In September, I speculated about what Mad Men and Sterling Cooper Draper Pryce circa 1970 might look like.

Little did I know that Matthew Weiner, the famously tight-lipped Mad Men creator and executive producer when it comes to teasing details about upcoming seasons, would drop an enormous and tantalizing hint about what the very end of the series might hold.
During a live chat with Curb Your Enthusiasm's Jeff Garlin (which benefitted Planned Parenthood), Weiner revealed that he already knows how the series will end its projected seventh season, news unto itself for Mad Men fanatics. "I do know how the whole show ends," Grantland reports Weiner as saying. "It came to me in the middle of last season. I always felt like it would be the experience of human life. And human life has a destination. It doesn't mean Don's gonna die. What I'm looking for, and how I hope to end the show, is like… It's 2011. Don Draper would be 84 right now. I want to leave the show in a place where you have an idea of what it meant and how it's related to you."

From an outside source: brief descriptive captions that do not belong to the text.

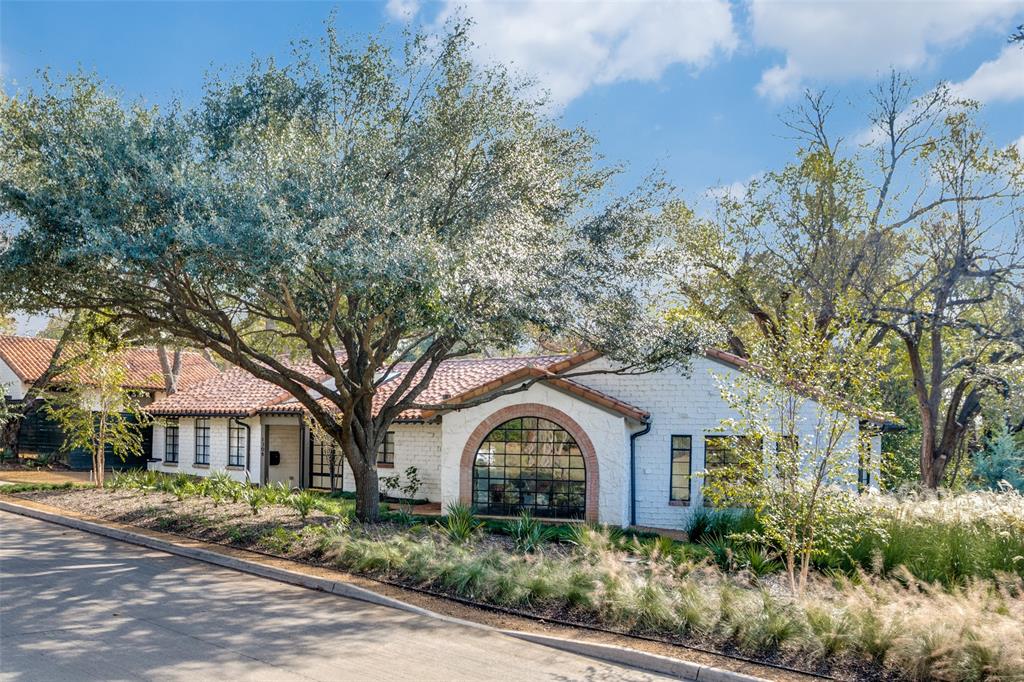 A Forest Hills treasure, originally designed by esteemed Dallas architect Clarence C. Bulger for Dr. Robert Karper, this rare residence seamlessly blends preserved historic charm with the luxury and efficiency of all-new construction. Thoughtfully restored and completely rebuilt between 2024–2025, the home honors its 1940s character while integrating every modern comfort.

Upon arrival, a sweeping front lawn framed by mature trees welcomes you to a storybook façade with restored steel windows and a newly engineered tile roof. Inside, sunlight fills open, refined living spaces designed for both elegance and everyday ease. The reimagined layout offers multiple living areas—including a versatile lower-level suite perfect for a media room, home office, or guest retreat.

The kitchen, anchored by a large island and breakfast bar, features custom Amcraft cabinetry, undercounter wine fridges, a hidden pantry with built-in refrigerator drawers, and premium appliances ideal for gourmet entertaining. Three ensuite bedrooms and an additional half bath offer privacy and sophistication, complemented by curated finishes from Pierce Hardware. Every major system—plumbing, electrical, HVAC, and structural—has been newly installed with uncompromising quality. Concrete driveways and walkways, reinforced roof framing, and superior foam insulation ensure comfort, efficiency, and long-term durability. The property includes a detached three-car garage, automatic gated entry, and lush, thoughtfully landscaped grounds. Perfectly positioned near White Rock Lake, the Arboretum, and scenic biking trails, this home embodies the rare harmony of architectural heritage and modern luxury. A truly move-in ready masterpiece—offered furnished if desired.
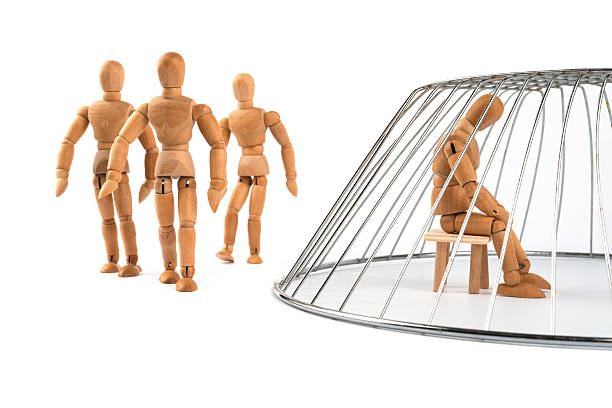 istock Wooden Mannequin isolated and trapped in a cage 499360443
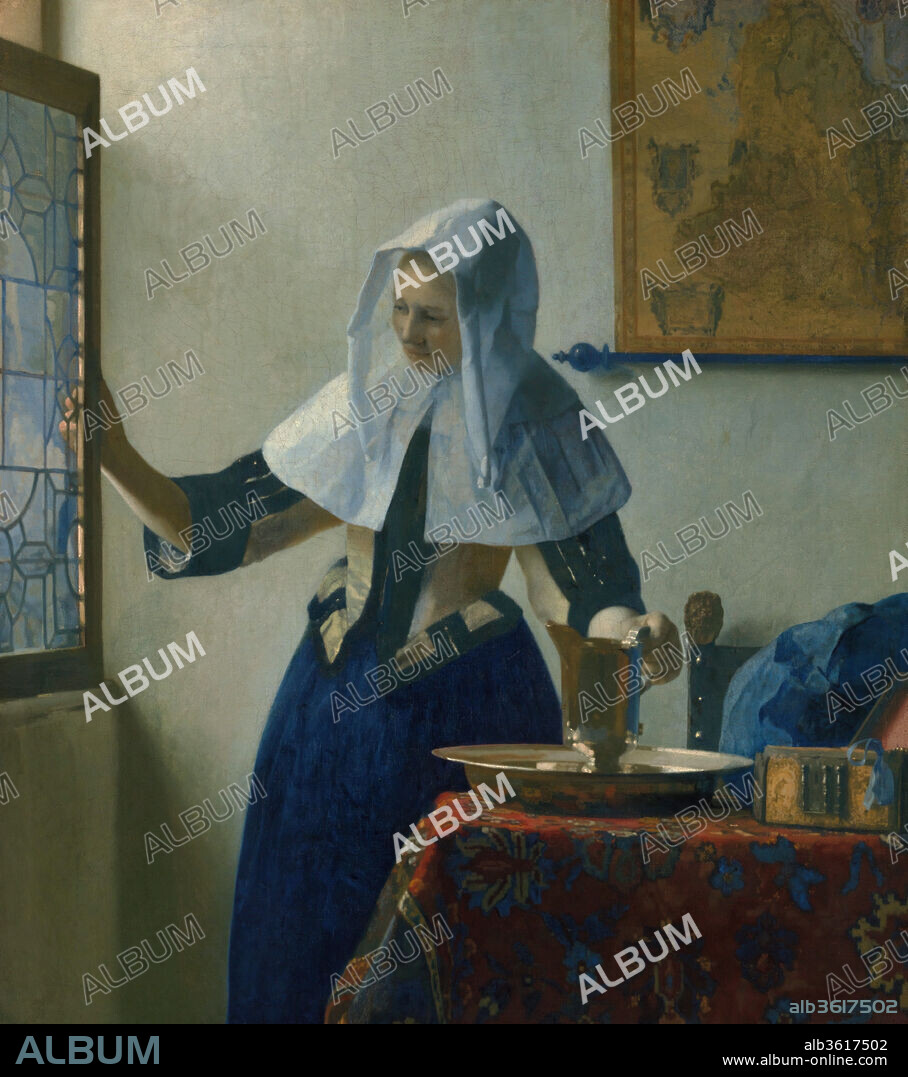 JAN VERMEER. Young Woman with a Water Pitcher. Artist: Johannes Vermeer (Dutch, Delft 1632-1675 Delft). Dimensions: 18 x 16 in. (45.7 x 40.6 cm). Date: ca. 1662.
The essential subject of this serene picture is an ideal woman in an ideal home. Her head and elegant costume are covered by linen scarves, which with the silver-gilt basin and pitcher and the open window suggest ablutions at the beginning of the day. A string of pearls emerges from the jewelry box. Balanced shapes and colors (mainly the primaries) enhance the harmonious mood. Works by Vermeer were newly known and coveted by American collectors of the Gilded Age: this canvas was the first of thirteen to enter the United States between 1887 and 1919.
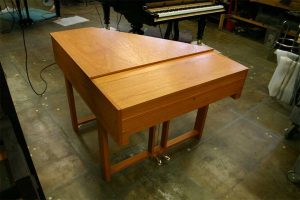 Closed view of restored hybrid piano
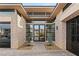 Elegant double door entry with stone accents and desert landscaping at 39 Cranberry Cove Ct, Las Vegas, NV 89135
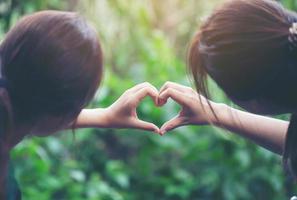 Frauen machen mit ihren Händen Herzformen foto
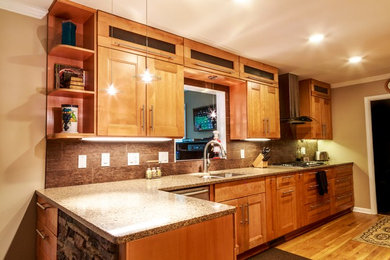 Example of a small trendy galley light wood floor and beige floor eat-in kitchen design in Atlanta with an undermount sink, shaker cabinets, light wood cabinets, solid surface countertops, black backsplash, ceramic backsplash, stainless steel appliances and no island
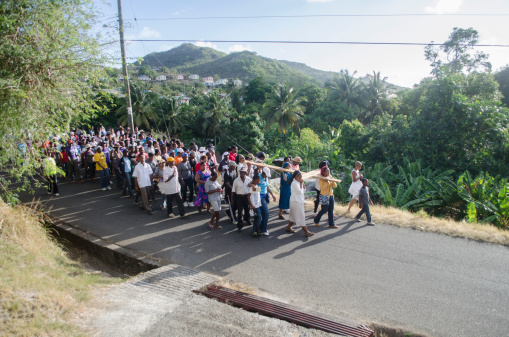 Monchy Gros Islet,  St Lucia - April 18, 2014: Roman Catholic faithfuls wend their way through the community of Monchy on Good Friday as they reenact the journey of Christ to Cakvary on the day of his crucifixion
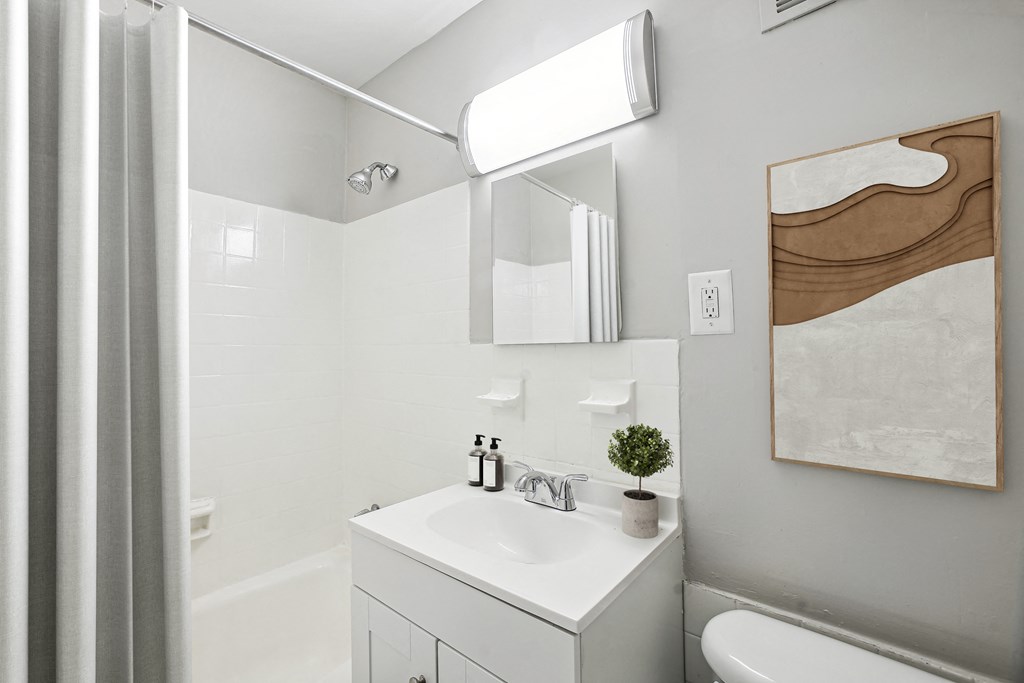 a small bathroom with a sink and a shower at Laurel Pines, Laurel, MD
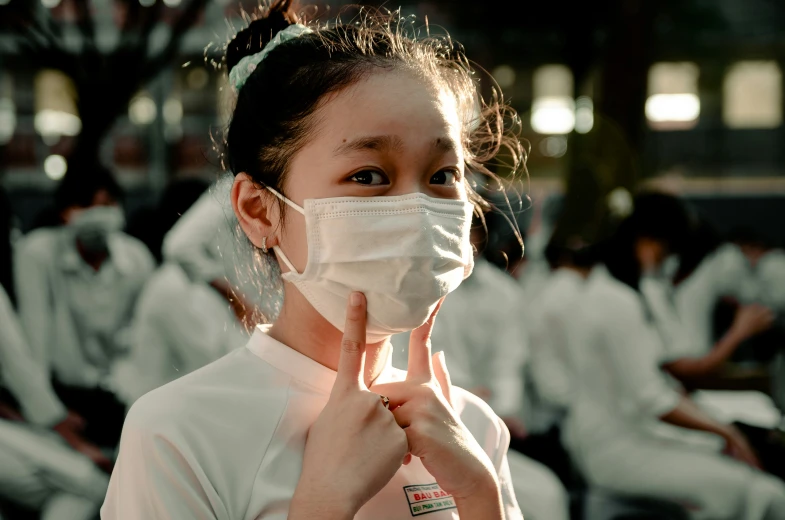 a young asian girl wears a protective face mask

If we think of the ways that great television series have ended, it may be that Weiner will look to Alan Ball. Ball's Six Feet Under ended its fifth and final season in grand fashion, taking its format of using an obituary and death that framed each episode to a new level by fast forwarding deep into the future to the eventual death of every main character on the ensemble show. Contrast that for instance with The Sopranos' infamous and controversial "Don't Stop Believing" ending, The Wire's panoramic wrap up, and The Shield's haunting comeuppance for Vic Mackey (see much more on this topic here).
That's to say that the overwhelming likelihood is that even by the end of the seventh season, the show will still be set in the 1960s or at the very "latest," the early 1970s (the four seasons aired to date back spanned the time period of 1960 to 1965). Therefore, we would presume that the Mad Men series finale will make a major leap forward to the present to see an old (yet very alive!) Don Draper in our modern world.
I've thought about this topic from time to time, as you may have already surmised, and I always imagined that we would not get to learn about what happens to Don after the time period in which the show is set (again, the 1960s to early 1970s at the latest). I also imagined that Don's lifestyle, what with the excessive boozing and smoking, would knock him off well before the time of, oh, let's say Reagan's second term or so.
So this major tease from Weiner makes us think about Mad Men's ultimate three seasons in a very new light. While of course plans can change, if Weiner's planning holds, we know that we'll get to learn a much more about Don Draper's life and times – more than we really could have hoped to expect until now – before Mad Men is done.
All fantastic news, as is the further ease of knowing that Mad Men is locked in to air three additional seasons, something that wasn't necessarily guaranteed as late as this summer.